╭──
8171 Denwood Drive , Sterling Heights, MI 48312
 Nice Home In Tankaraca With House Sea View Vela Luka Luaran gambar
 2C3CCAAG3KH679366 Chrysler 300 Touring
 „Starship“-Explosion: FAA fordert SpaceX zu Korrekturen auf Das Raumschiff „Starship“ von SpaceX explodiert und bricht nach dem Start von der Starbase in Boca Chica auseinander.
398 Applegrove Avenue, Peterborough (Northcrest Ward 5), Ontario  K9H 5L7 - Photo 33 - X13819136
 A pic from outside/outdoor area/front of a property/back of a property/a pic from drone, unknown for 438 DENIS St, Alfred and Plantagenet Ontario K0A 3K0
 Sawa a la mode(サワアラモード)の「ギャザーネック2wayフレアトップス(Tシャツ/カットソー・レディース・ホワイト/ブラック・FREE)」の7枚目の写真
╰──
:: Requirement ::
All lines in the listing above should be written out again exactly.

:: Result for this task ::
8171 Denwood Drive , Sterling Heights, MI 48312
 Nice Home In Tankaraca With House Sea View Vela Luka Luaran gambar
 2C3CCAAG3KH679366 Chrysler 300 Touring
 „Starship“-Explosion: FAA fordert SpaceX zu Korrekturen auf Das Raumschiff „Starship“ von SpaceX explodiert und bricht nach dem Start von der Starbase in Boca Chica auseinander.
398 Applegrove Avenue, Peterborough (Northcrest Ward 5), Ontario  K9H 5L7 - Photo 33 - X13819136
 A pic from outside/outdoor area/front of a property/back of a property/a pic from drone, unknown for 438 DENIS St, Alfred and Plantagenet Ontario K0A 3K0
 Sawa a la mode(サワアラモード)の「ギャザーネック2wayフレアトップス(Tシャツ/カットソー・レディース・ホワイト/ブラック・FREE)」の7枚目の写真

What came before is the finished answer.